The mitochondrial genome of Himalayan marmot, Marmota himalayana (Rodentia: Sciuridae) using next-generation sequencing

Abstract

The complete mitochondrial genome of Marmota himalayana was determined based on next-generation sequencing. Genome length consisted of 16,442 bp, with a base composition of 32.1% A, 31.4% T, 23.7% C, and 12.8% G. It consists of 13 protein-coding genes, 22 tRNAs, 2 ribosomal RNAs, and a control region. The gene order and organization were similar to most of the other vertebrates. The molecular data here we presented could play a useful role to study the evolutionary relationships and population genetics of H. marmot.

Keywords:

• Mitochondrial genome
• Marmota himalayana
• phylogenetic analysis

The Himalayan marmot Marmota himalayana, a large squirrel of the genus Marmota, is widely distributed at elevations of 1900–5000 m around the Himalayan regions of India, Nepal, Pakistan, and the Qinghai-Tibetan Plateau of China (Nikol’skii and Ulak 2006). It is regarded as an important species in the plateau ecosystem since it provides foods for predators such as snow leopard Pantheva uncial (Oli et al. 1993). Reports of M. himalayana were mainly focused on ecology, ethology, and taxonomy (Armitage 1975, 1999; Barash 1989; Arnold 1990; Nikol’skii and Ulak 2006). To facilitate the future researches of taxonomic resolution, population genetics, and phylogeography, the complete mitochondrial genome of M. himalayana was sequenced and characterized using NGS technologies (GenBank accession number MK305281).

Two specimens were collected from Longbao Town, Yushu Tibetan autonomous prefecture, Qinghai Province, China (33°29′80″N, 96°47′40″ E). Genomic DNA was extracted from muscle tissues using Ezup Column Animal Genomic DNA Kit (Sangon, Shanghai, China) following the protocol. The genomic DNA was stored at -80 °C in Medical College of Qinghai University. The whole genome shotgun method was used to construct the library and next-generation sequencing technique was used to sequencing based on the Illumina MiSeq sequencing platform (Illumina HiSeq 1500, Illumina, San Diego, CA, USA). Genes were annotated with DOGMA (Wyman et al. 2004) and MITOS (Bernt et al. 2013) and manually verified.

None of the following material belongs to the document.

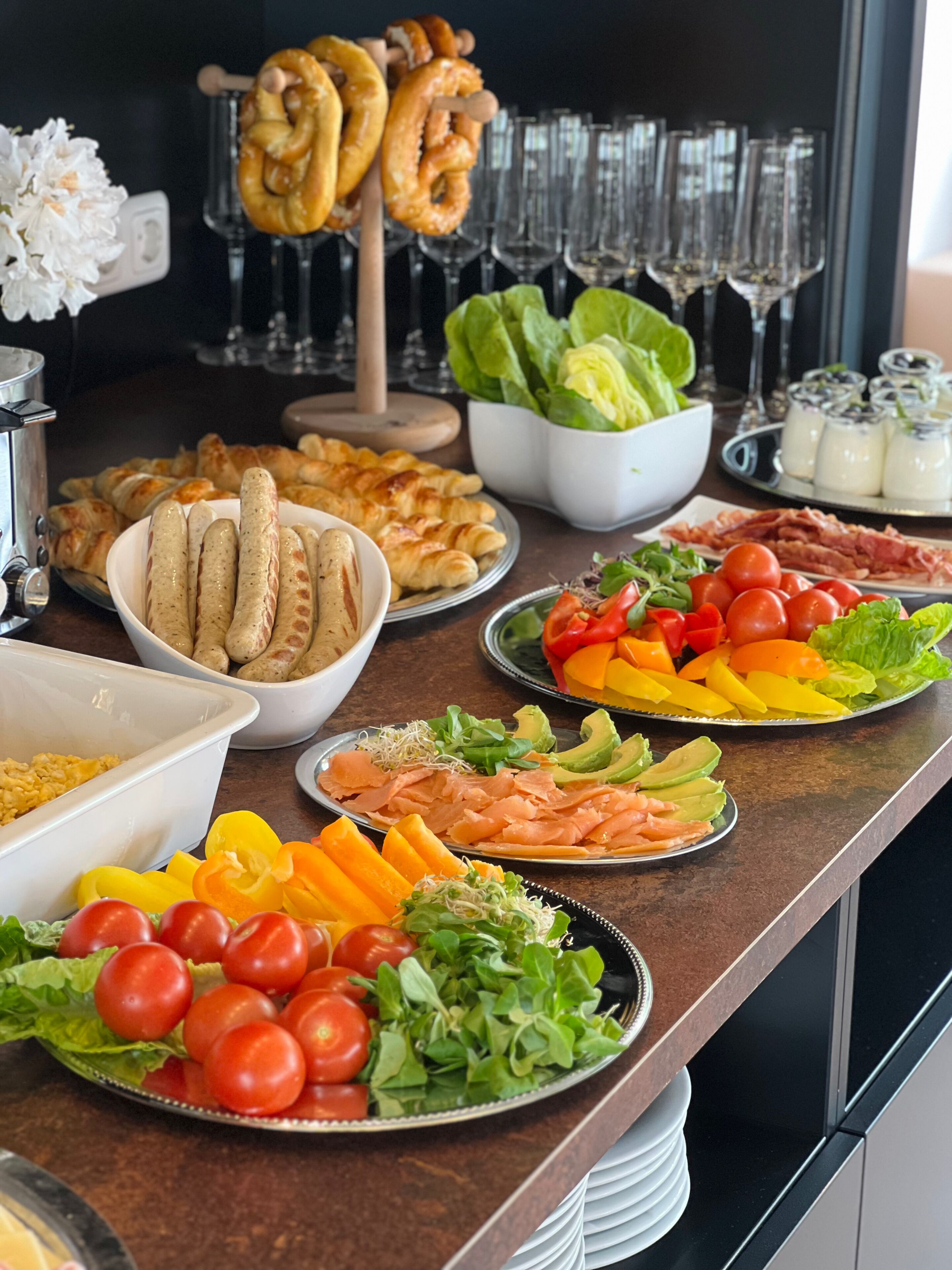A buffet with various food items including sausages, croissants, and salads.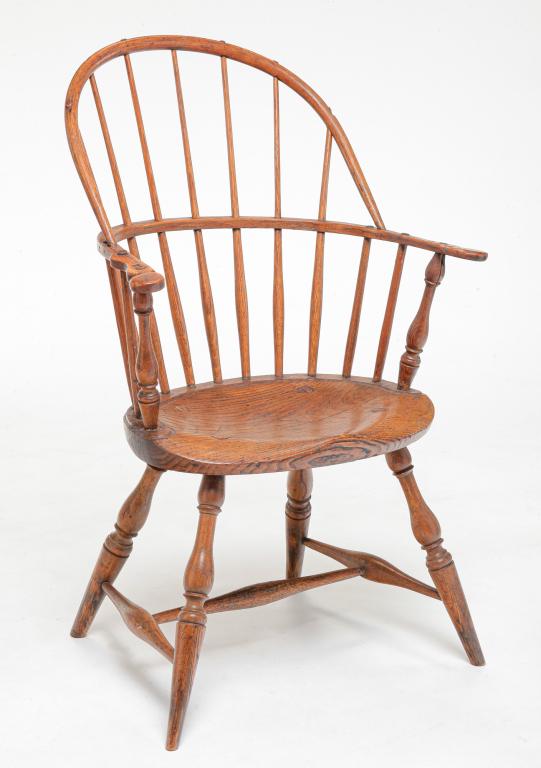 AMERICAN SACKBACK WINDSOR ARMCHAIR.: Early 19th century, ash. Turned posts, legs and "H" stretcher, and shaped arms. Age splits, removed metal rod arm supports, repairs and metal braces under the seat. 16.75" seat, 38.25"h.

The complete mitochondrial genome of M. himalayana is 16,442 bp in length. The overall nucleotide composition is A (32.1), T (31.4%), C (23.7%), and G (12.8%), with a significant AT bias of 63.5%. It consists of 13 typical vertebrate protein-coding genes, 22 tRNA, 2 rRNA genes, and 1 control region. ND6 gene and 8 tRNA genes are encoded on the light (L) strain; the remaining genes are encoded on the heavy (H) strain. The typical ATN (ATG or ATT or ATA) start codons are present in PCGs. TAA and AGA stop codons are used for most genes, with the exception of incomplete stop codon T for COX3, ND2, and ND4, and TA for ATPase6, ND1, and ND3. The two rRNA genes are 971 bp and 1567 bp, respectively. All tRNAs were recognized by tRNAscan-SE1.21 (Lowe and Eddy 1997). They have the typical cloverleaf secondary structures except for the shortest tRNASer (AGN) which lacks the DHU arm. No tandem repeat is found in 924 bp-long control region.

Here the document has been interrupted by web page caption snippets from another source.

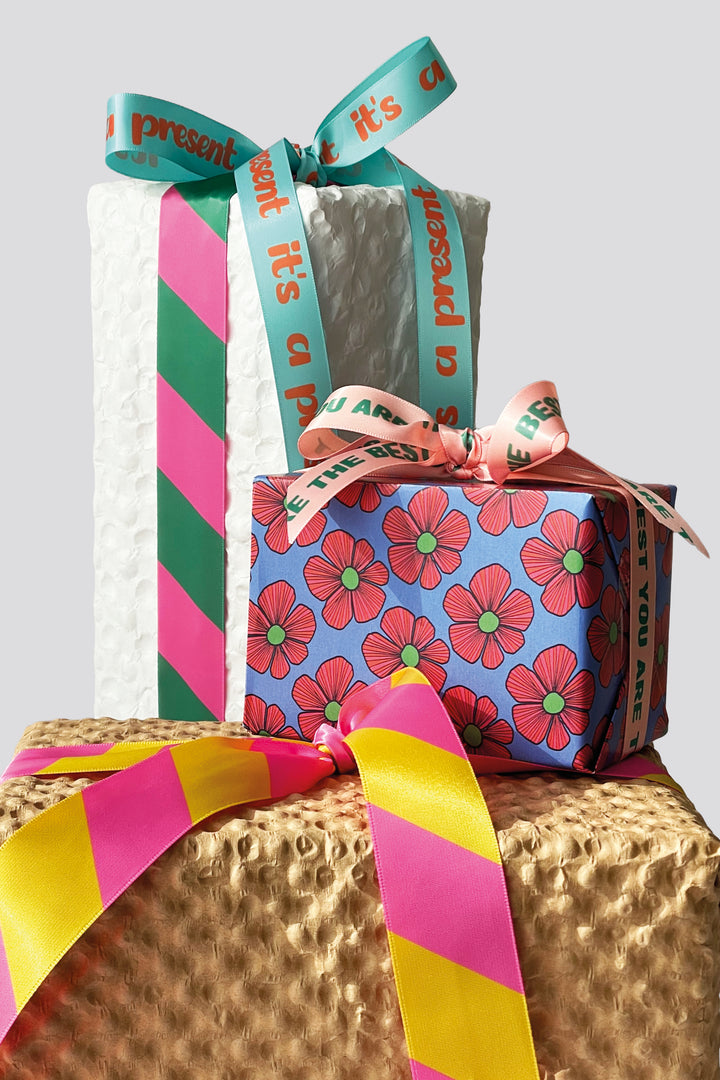 Stack of wrapped gifts with colorful ribbons on a textured surface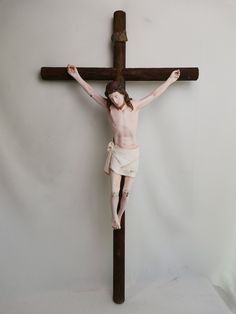 a wooden crucifix with a man on it's cross in front of a white background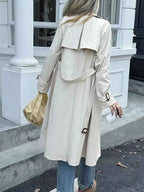 Double-Breasted Belted Trench Coat in light beige polyester with a belt at the waist and buttoned cuffs shown from back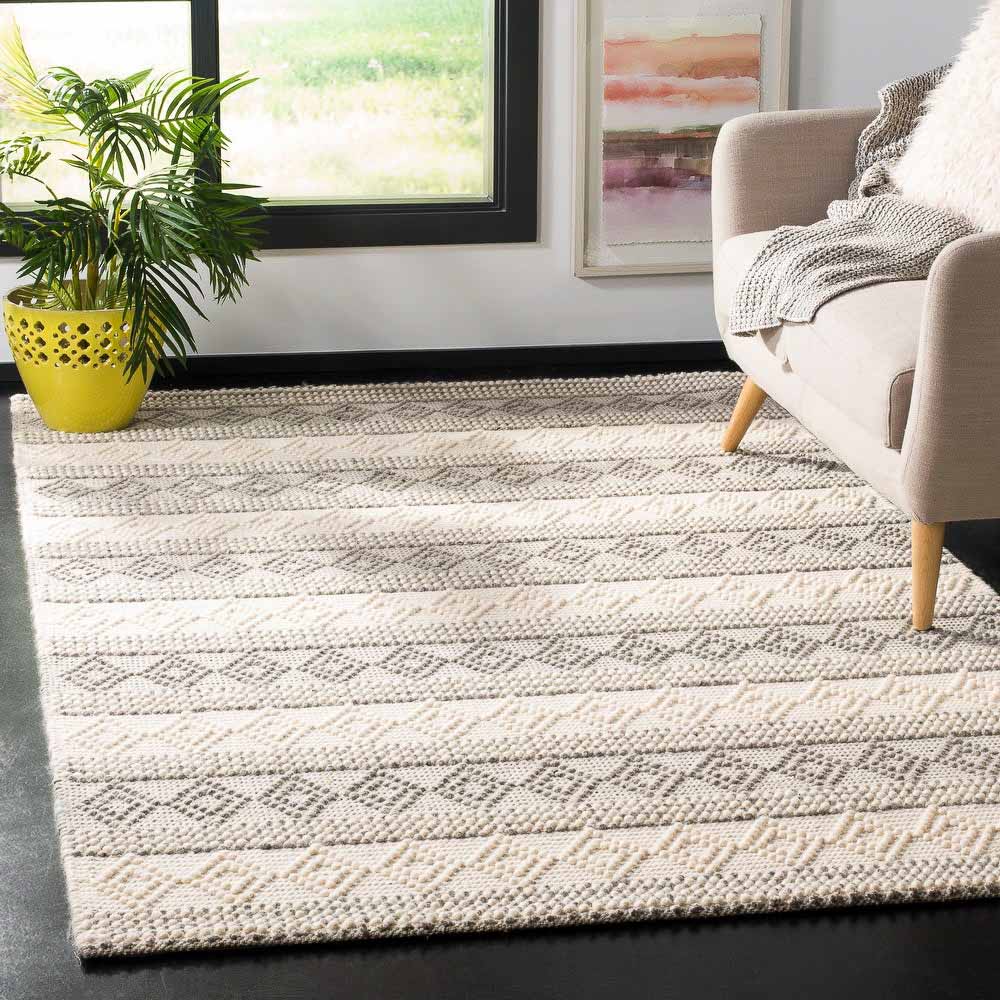 https://kelleynan.com/wp-content/uploads/2021/03/playroom-neutral-rug.jpg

To understand the phylogenetic position of M. himalayana, phylogenetic analysis was performed by MEGA 6.06 (Tamura et al. 2013) based on the cytochrome c oxidase subunit I (COI) sequence of M. himalayana and those of 23 closely related species using maximum likelihood (ML) method with 1000 bootstrap replicates (Figure 1). Different species from the same suborder clustered together (e.g. Myomorpha, Sciuromorpha, and Hystricomorpha). M. himalayana clustered within the suborder Sciuromorpha.

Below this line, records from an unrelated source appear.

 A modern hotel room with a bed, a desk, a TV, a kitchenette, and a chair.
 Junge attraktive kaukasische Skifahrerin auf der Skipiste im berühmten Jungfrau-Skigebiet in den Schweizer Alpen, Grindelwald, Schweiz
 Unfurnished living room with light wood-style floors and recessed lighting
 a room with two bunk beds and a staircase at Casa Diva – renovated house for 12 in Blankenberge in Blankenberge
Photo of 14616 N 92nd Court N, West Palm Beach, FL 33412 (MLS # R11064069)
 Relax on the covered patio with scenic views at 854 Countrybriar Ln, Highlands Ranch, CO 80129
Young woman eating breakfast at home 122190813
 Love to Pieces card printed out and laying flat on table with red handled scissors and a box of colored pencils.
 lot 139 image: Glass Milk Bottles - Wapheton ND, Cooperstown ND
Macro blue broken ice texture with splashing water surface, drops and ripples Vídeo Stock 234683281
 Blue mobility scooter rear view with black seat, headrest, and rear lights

Figure 1. The phylogenetic relationship of M. himalayana with the other species using ML method with 1000 bootstrap replicates.

Disclosure statement

No potential conflict of interest was reported by the authors.

Additional information

Funding

This work was supported by Basic Research Project of Qinghai Province [2018-ZJ-775], and Natural Science Foundation of China [31260259].